Keep pursuing this and ignore critics. What you're doing is important b/c ML is just out of reach of a big percentage of developers and technical lay people. It will take time to get your approach right, but it will make a difference.
As a suggestion - provide more real-world examples (eg. business, sports, etc) so that users can tinker with your samples as pathway toward learning.
Please don't give up on this. Great job.
I will take your suggestion into consideration. You are right, there should be more real-world examples that will help users get started and see how this can be useful.
The thing is, I started the project two weeks ago, so it still relatively new. I ve been coding day n night because the idea got me excited. I published the first stable release this week. However, there are new features that will be implemented in the next releases.
However, I think it is only for building deep learning models and does not have any general ML support or am I missing something? If yes then that fact makes it very different from igel as a tool
I see the value in having a CSV data dump and going "I wonder what happens if I run it through X." then a CLI command to find out.
Would be neat if there was an adapter for SQLite too IMO.
Keep it up Nidhal, you’re doing a tremendous service. Don’t let the snobs get to you.

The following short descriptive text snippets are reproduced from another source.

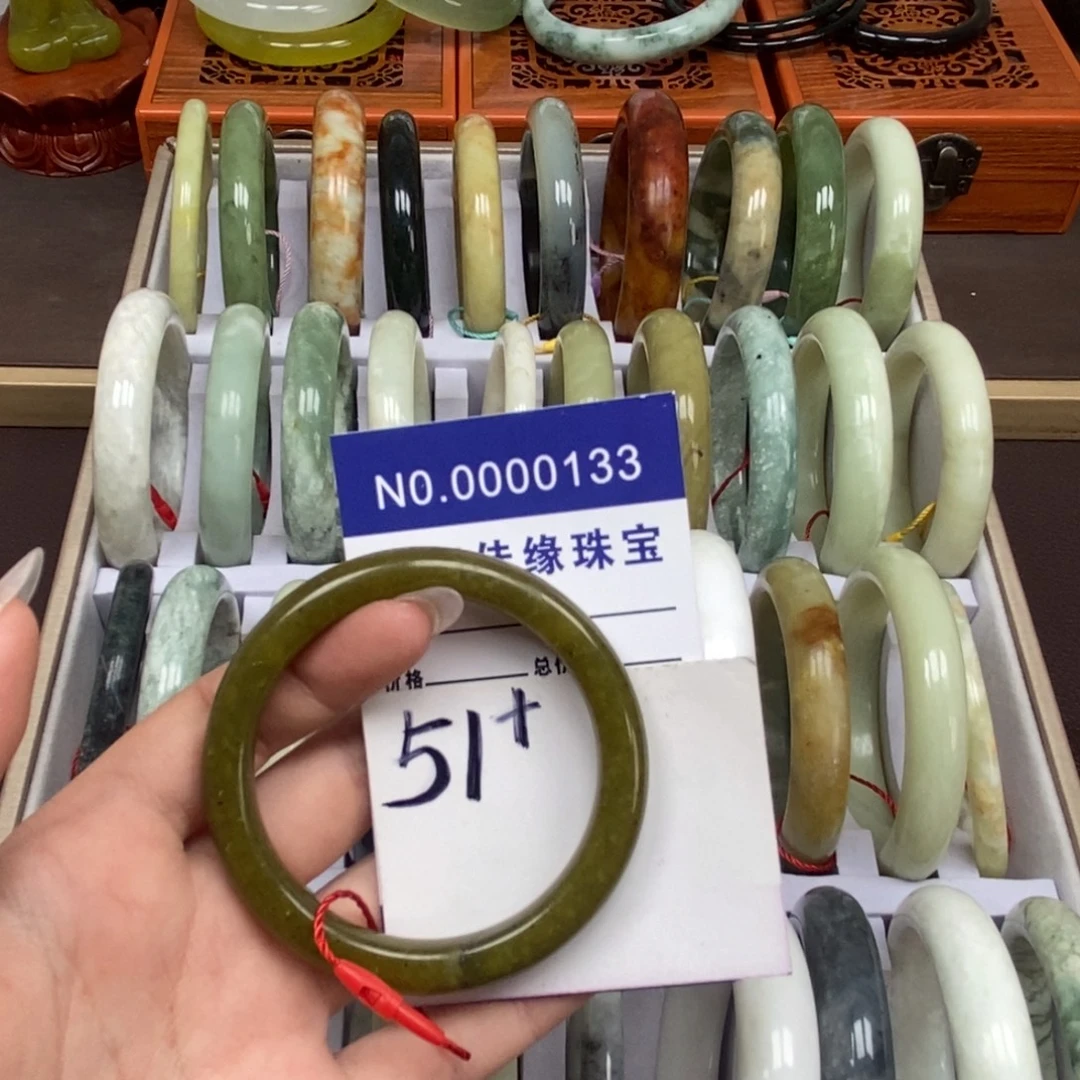 蛇纹石玉未镶嵌手镯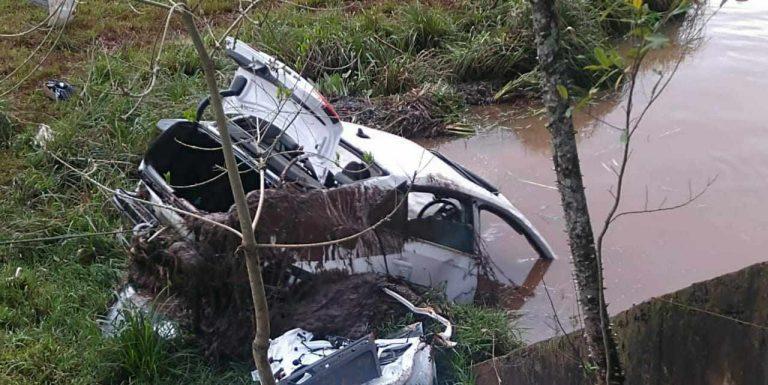 Identifica vítima que morreu após carro submergir em rio no Oeste catarinense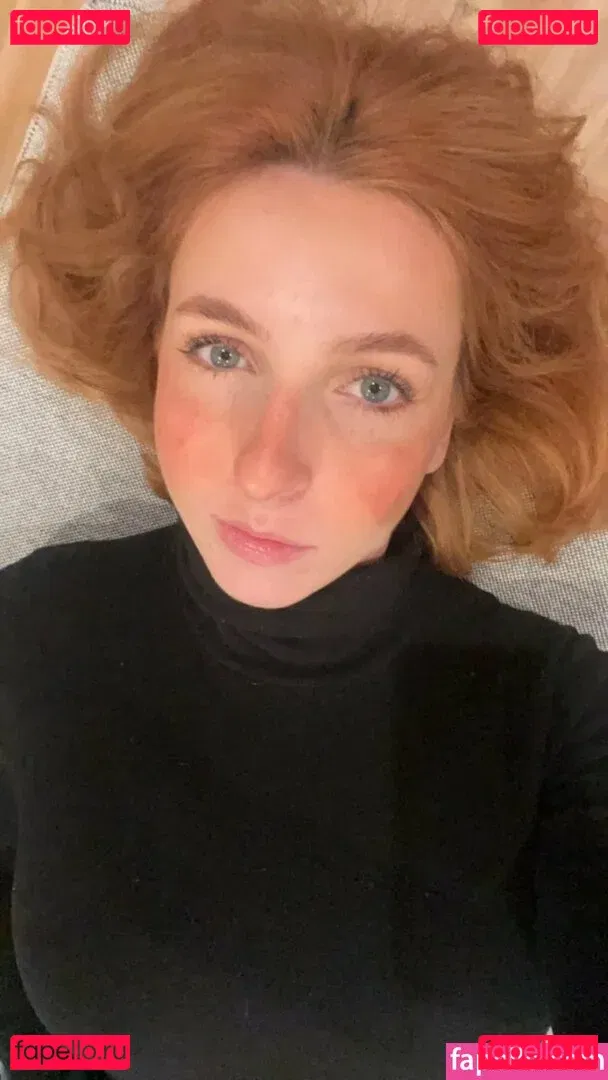 mxssmiaa Onlyfans Photo Gallery 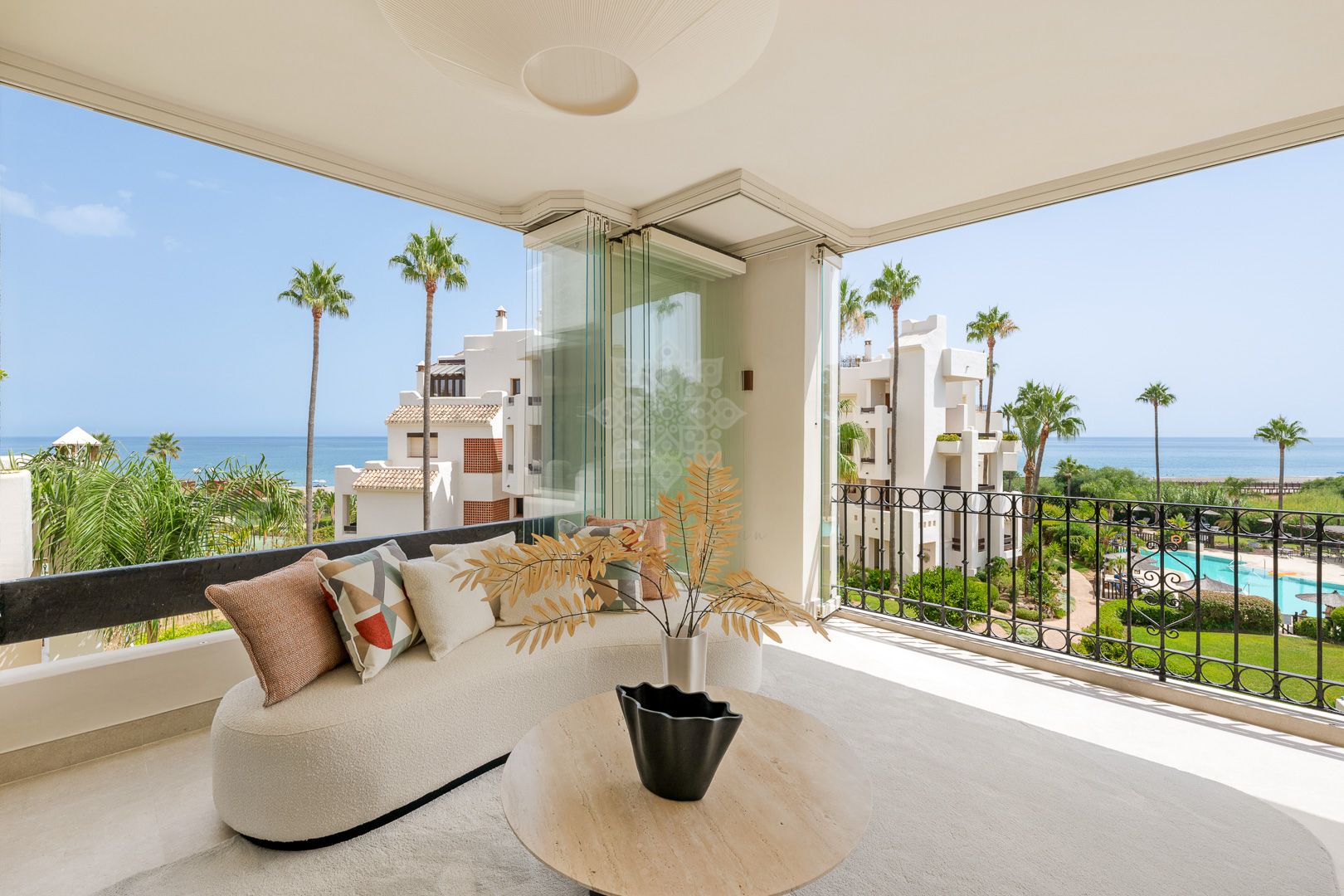 Apartment in Bahía del Velerín, Estepona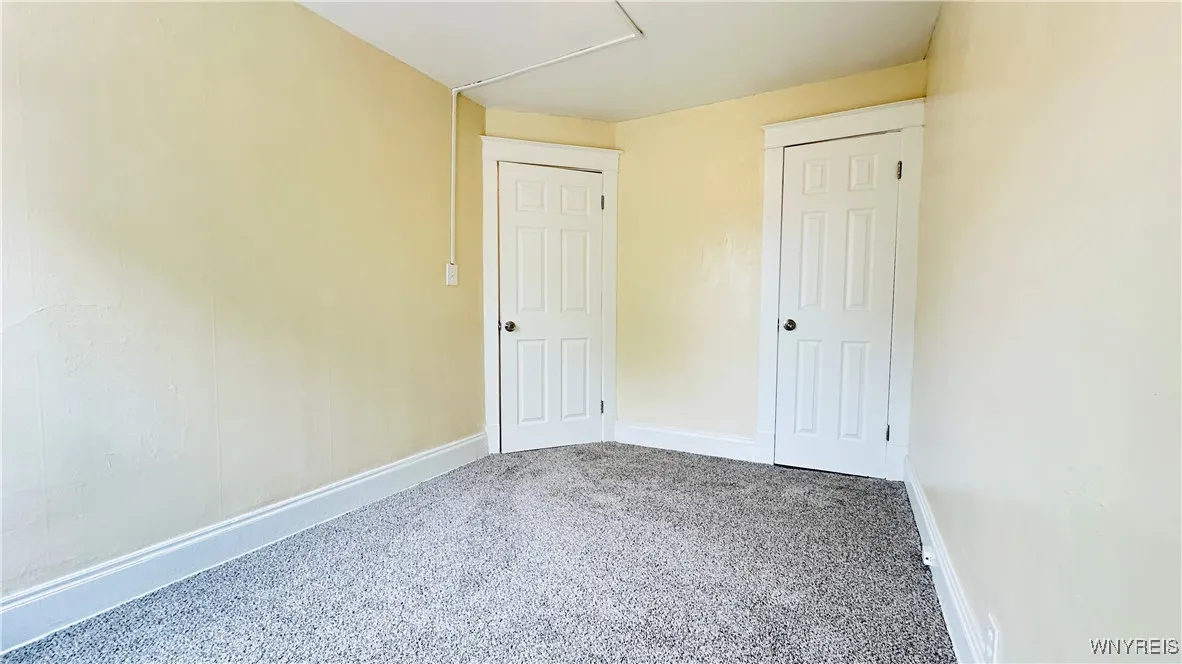 2960 Mckoon Avenue, Niagara Falls, New York 14305, Niagara Falls, New York 14305, 3 Bedrooms Bedrooms, 6 Rooms Rooms,1 BathroomBathrooms,Residential,For Sale,2960 Mckoon Avenue, Niagara Falls, New York 14305,B1623114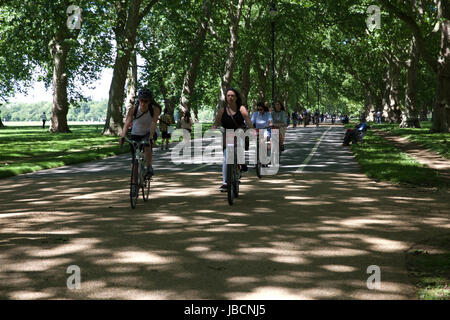 Londres, Royaume-Uni. 10 Juin, 2017. Les gens profiter du soleil à Hyde Park London Crédit : Keith Larby/Alamy Live News Banque D'Images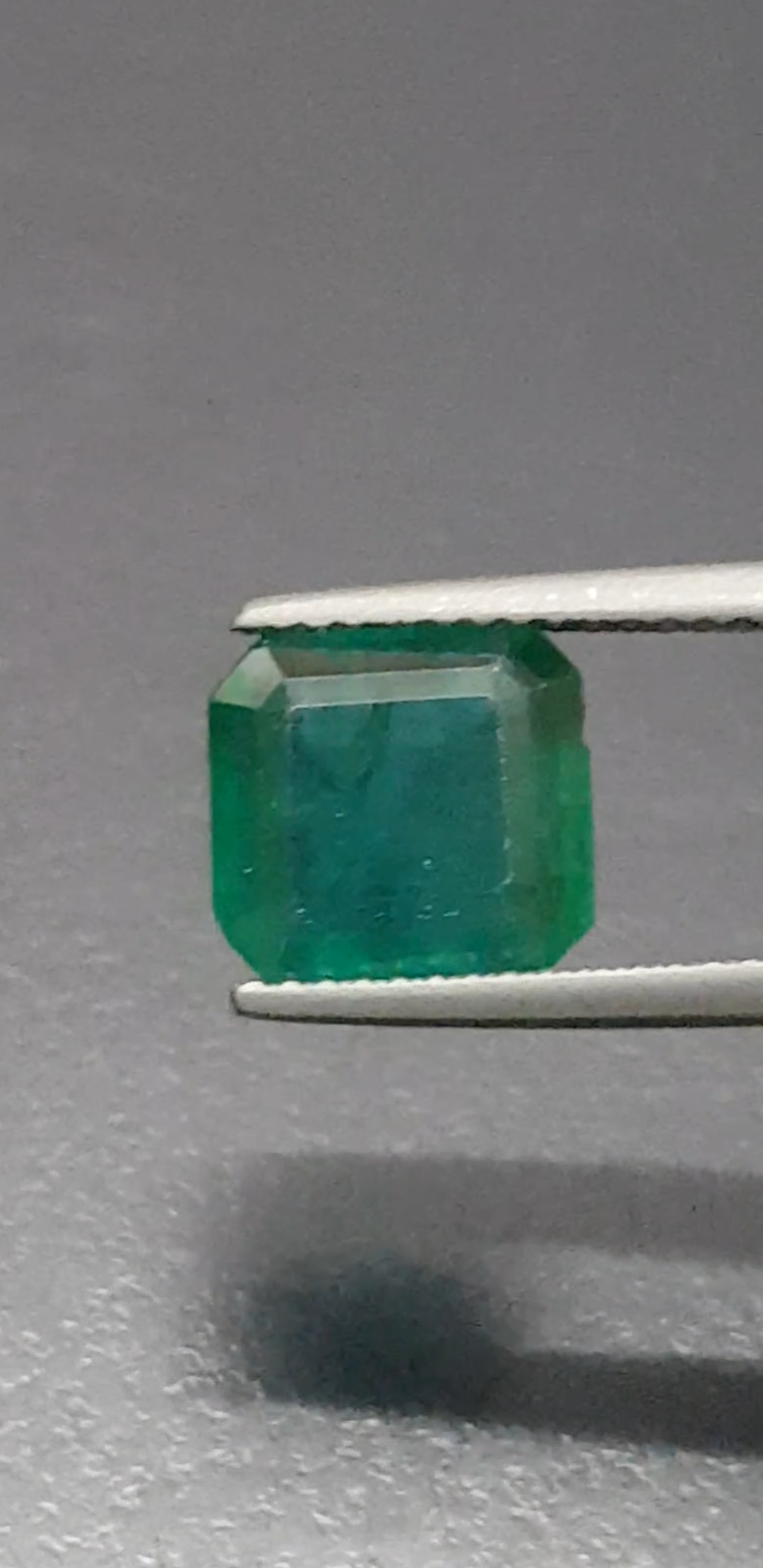 พลอย มรกต Natural Emerald 祖母绿 แซมเบีย 2.80 กะรัต (Cts.克拉)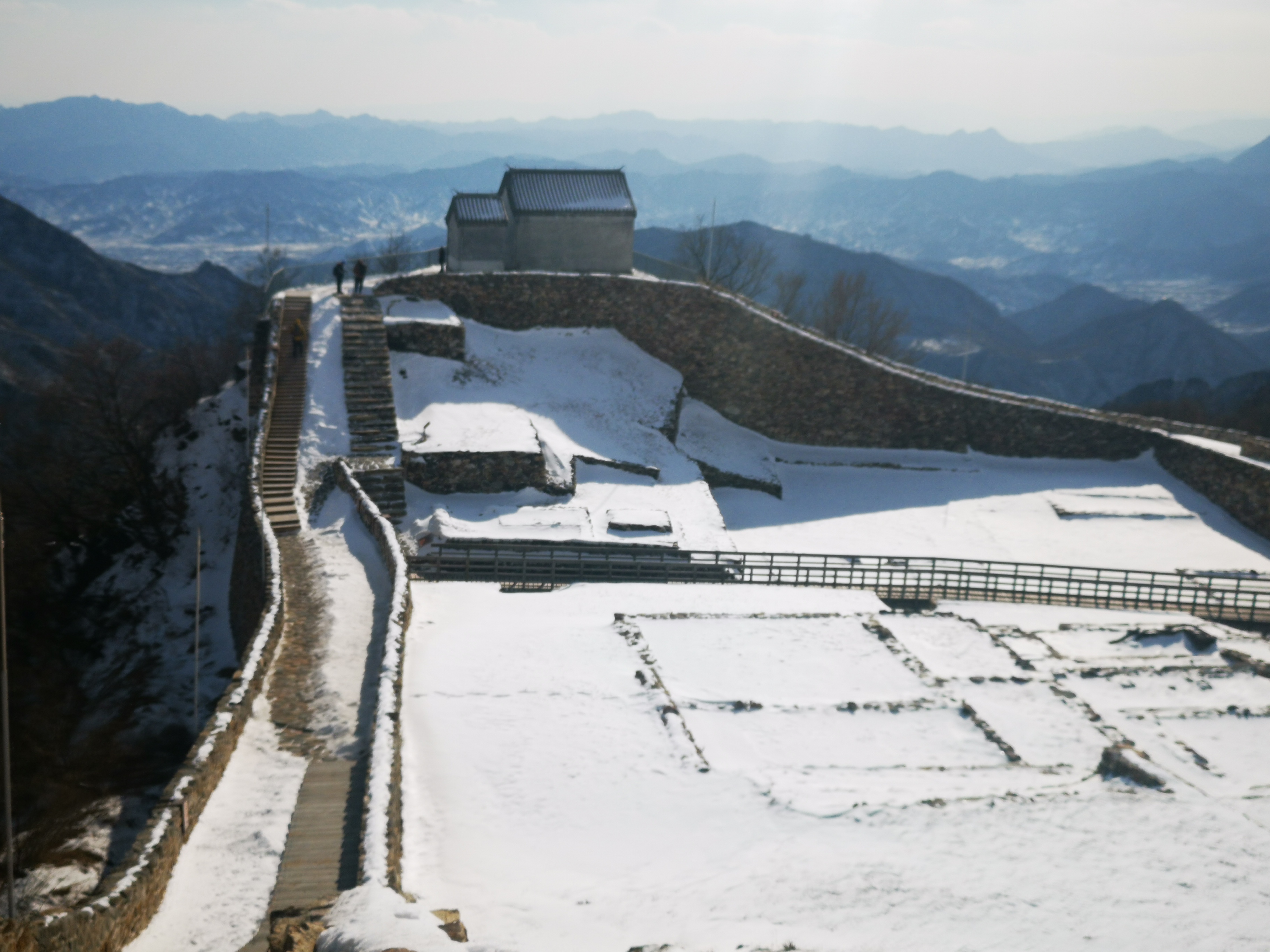 雪景下的万里长城第一楼九眼楼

Abstracting scikit out into a configuration file only very slightly simplifies the actual code involved but I can see this being useful for some non technical users who don't care about the code and just know the ML terms.
A few parameters are fine, you can pull them out into constants, but you quickly end up with a lot of variables to keep track of.
I know the answer is to just write what I'm describing myself but does anyone know of an existing way to find the best SciKitLearn algorithm for a particular problem. Like if I want to find the regression fit is there a way to just pass in the data and have it trained,tested on all of the regression algorithms in SKLearn? My current workflow is to just pick a handful of algorithms that sound like they should be good for the problem at hand and try each one of them manually. Igel seems like a step towards making this sort of thing possible if another tool doesn't exist already.
So, if you throw some data and fit all machine learning models on it and then compare the performance. You will probably receive misleading values since different models require different tuning approaches. It's not as easy as you said it, you can't just feed data (also depends on the data) to models and expect to get the best model at the output.
One approach I can think of here is to integrate cross validation and hyperparameter tuning with your suggestion. However, I can imagine that this can be computationally expensive. I will take it into consideration as an enhancement for the tool. Thanks for your feedback
These operations certainly are computationally expensive, a recent hyperparameter tuning operation locked up my laptop for 3 days but this seems to be the case for any similar operation. The only approaches I've come across so far to overcome it are things like converting the data to smaller sizes (which seems outside the scope of this tool) and some way to batch the data so that it can be "paused" and resumed as needed. Thank you again for creating Igel.
It's designed for use in a public policy context, so it works best with:
- binary classification problems (ex: the evaluation module is designed for binary classification metrics)
- problems that have a temporal component (the cross validation system makes some assumptions about this)
It's a command line tool that is also intended for non-technical folks. I sense a contradiction.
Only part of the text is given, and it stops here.